Exercise requirements:
When copying the records below, omit any image and print everything else exactly.

Recorded data:

*****

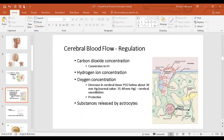The glutamatergic neurons stimulate the astrocytes, causing increased calcium ion concentration in the astrocytes, which causes release of vasoactive metabolites. What these vasoactive metabolites are is still being studied; examples could be nitric oxide and potassium ions.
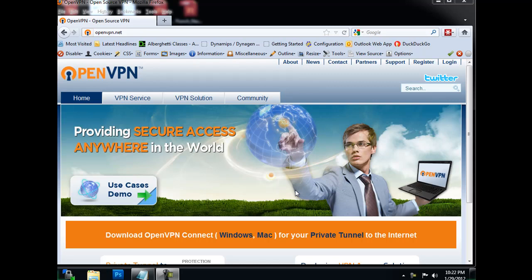Okay, this is a quick tutorial on downloading, installing, and configuring, and then connecting with OpenVPN to establish a VPN tunnel to an OpenVPN server.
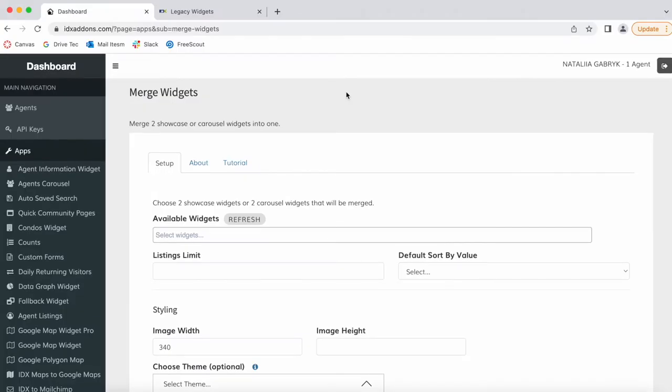We have a new app called the Merge Widgets app, and with it you're able to merge two showcase or carousel widgets into one.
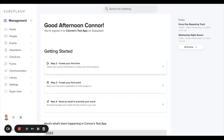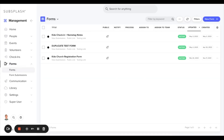In this video we will show you how to set up form notification preferences for whenever a form is submitted. From your management dashboard you want to navigate to the form section and from here you'll want to select the form that you would specifically like to set up the notification preferences for. In this example I'll choose the Kids Church registration form.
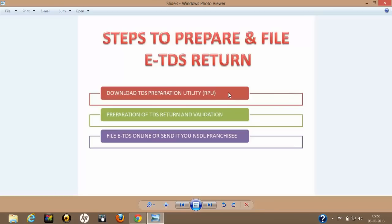The second step is preparation and validation of the TDS return. Once you have downloaded that utility, you fill in the data and then validate it. Once done, the third step is to file it online — either using your credentials on the NSDL website with a DSC digital signature certificate, or if you don't have that, you just take that particular file on a CD or pen drive and take it to the nearest NSDL franchisee. In this tutorial I will cover the first step only; in my forthcoming tutorials I will show the second and third steps.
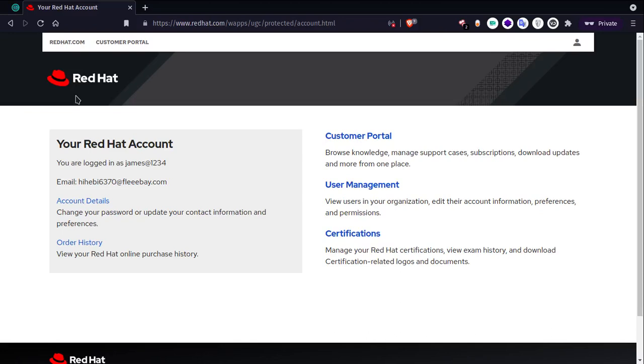Hello, today I found a vulnerability in the redhat.com domain. I will proceed to explain it.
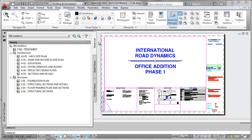The way I like to think of the Sheet Set Manager is it's almost like its own lightweight document control system that keeps track of all the various drawings that comprise your project.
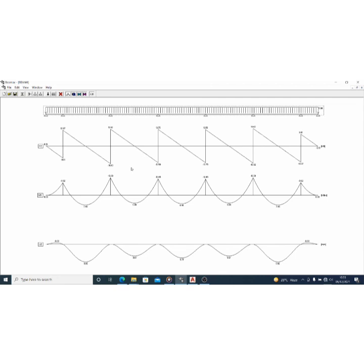This is your bending moment and shear force in a very simple step. If you have any questions or anywhere you don't understand, drop a comment and I'll attend to it. Make sure you like this video, subscribe, and share with your colleagues and friends.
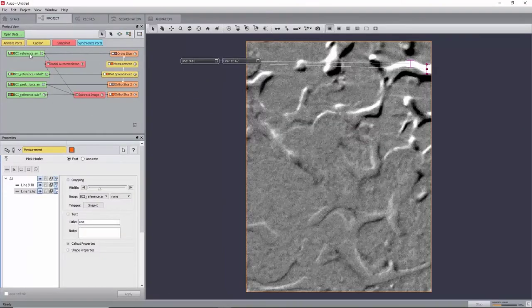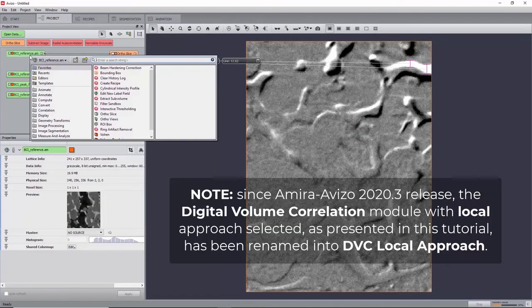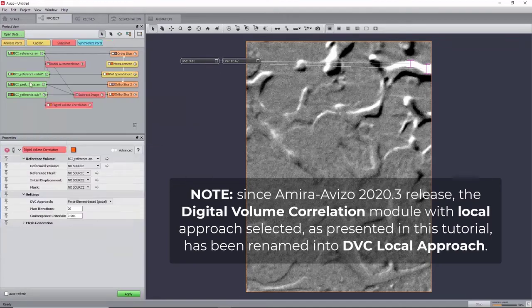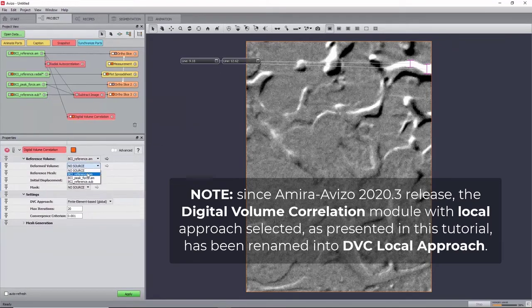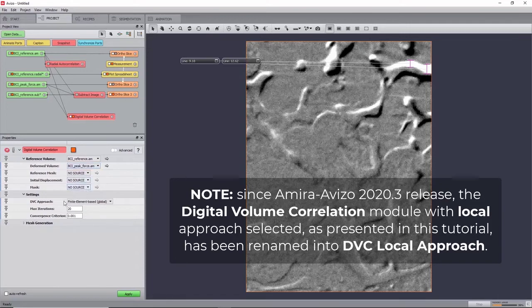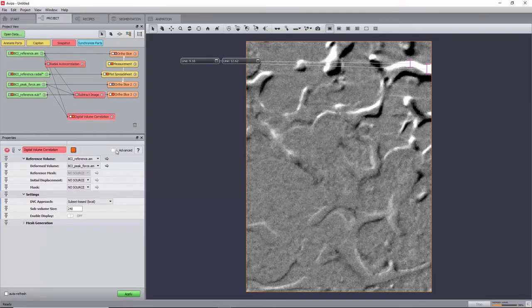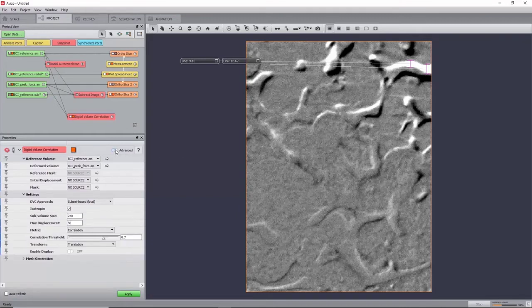You can now attach a digital volume correlation module to the reference image. Set the deformed volume port to the deformed image, and the DVC approach to subset-based local. To have access to more options for fine-tuning the algorithm, activate the advanced toggle switch.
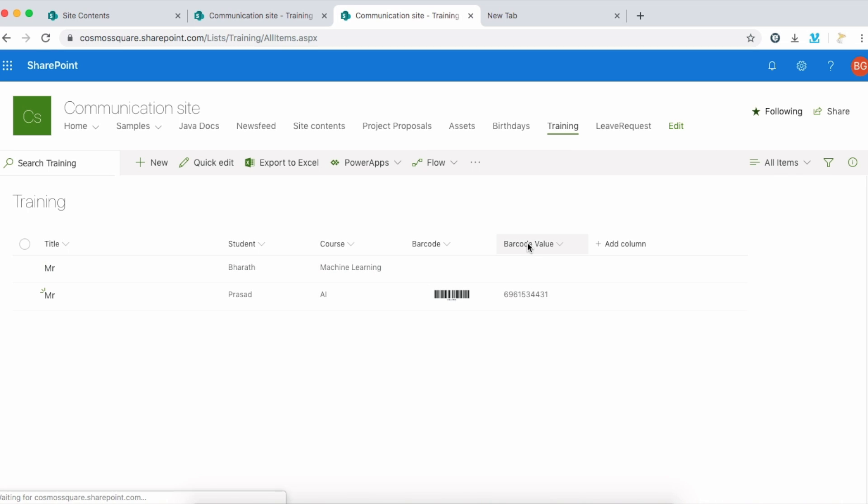And the barcode value for the list item. This is the procedure in SharePoint on how to create a barcode for list items. Thank you very much.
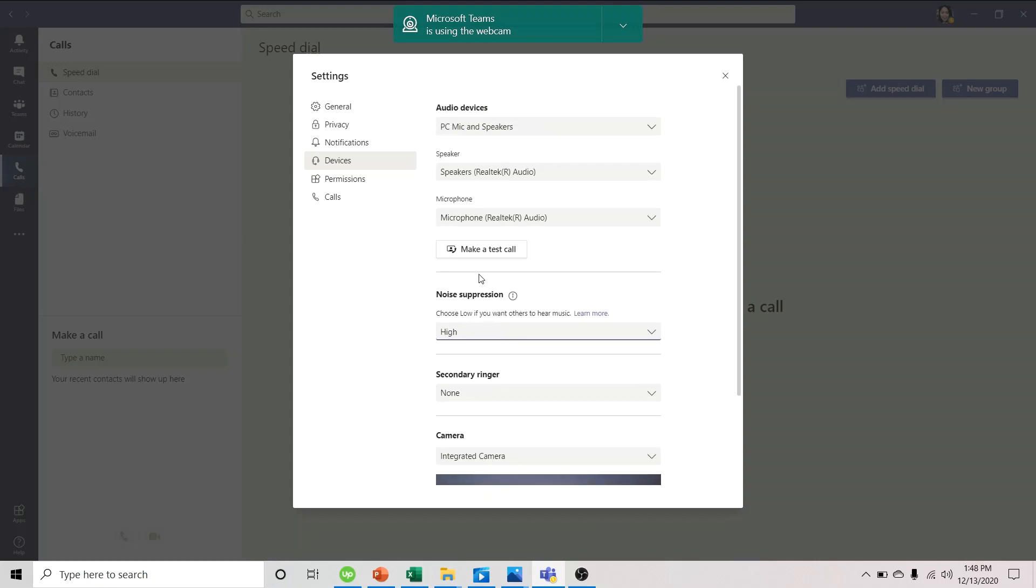So there. Don't worry. This will only suppress any background noise that isn't speech. So we can still clearly hear people speaking during webinars, meetings, or online classes. So that's how easy it is to remove background noise in MS Teams.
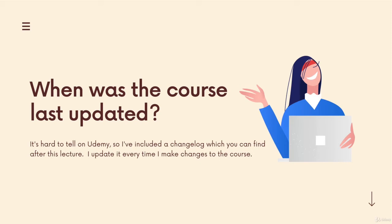You can view the document and it's a record of what has been added and removed or updated in the course. And it makes it clear exactly when those changes happened. So take a look at that. I'm trying to be very transparent about it.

*****

Output for this task:
The glutamatergic neurons stimulate the astrocytes, causing increased calcium ion concentration in the astrocytes, which causes release of vasoactive metabolites. What these vasoactive metabolites are is still being studied; examples could be nitric oxide and potassium ions.
Okay, this is a quick tutorial on downloading, installing, and configuring, and then connecting with OpenVPN to establish a VPN tunnel to an OpenVPN server.
We have a new app called the Merge Widgets app, and with it you're able to merge two showcase or carousel widgets into one.
In this video we will show you how to set up form notification preferences for whenever a form is submitted. From your management dashboard you want to navigate to the form section and from here you'll want to select the form that you would specifically like to set up the notification preferences for. In this example I'll choose the Kids Church registration form.
The second step is preparation and validation of the TDS return. Once you have downloaded that utility, you fill in the data and then validate it. Once done, the third step is to file it online — either using your credentials on the NSDL website with a DSC digital signature certificate, or if you don't have that, you just take that particular file on a CD or pen drive and take it to the nearest NSDL franchisee. In this tutorial I will cover the first step only; in my forthcoming tutorials I will show the second and third steps.
Hello, today I found a vulnerability in the redhat.com domain. I will proceed to explain it.
The way I like to think of the Sheet Set Manager is it's almost like its own lightweight document control system that keeps track of all the various drawings that comprise your project.
This is your bending moment and shear force in a very simple step. If you have any questions or anywhere you don't understand, drop a comment and I'll attend to it. Make sure you like this video, subscribe, and share with your colleagues and friends.
You can now attach a digital volume correlation module to the reference image. Set the deformed volume port to the deformed image, and the DVC approach to subset-based local. To have access to more options for fine-tuning the algorithm, activate the advanced toggle switch.
And the barcode value for the list item. This is the procedure in SharePoint on how to create a barcode for list items. Thank you very much.
So there. Don't worry. This will only suppress any background noise that isn't speech. So we can still clearly hear people speaking during webinars, meetings, or online classes. So that's how easy it is to remove background noise in MS Teams.
You can view the document and it's a record of what has been added and removed or updated in the course. And it makes it clear exactly when those changes happened. So take a look at that. I'm trying to be very transparent about it.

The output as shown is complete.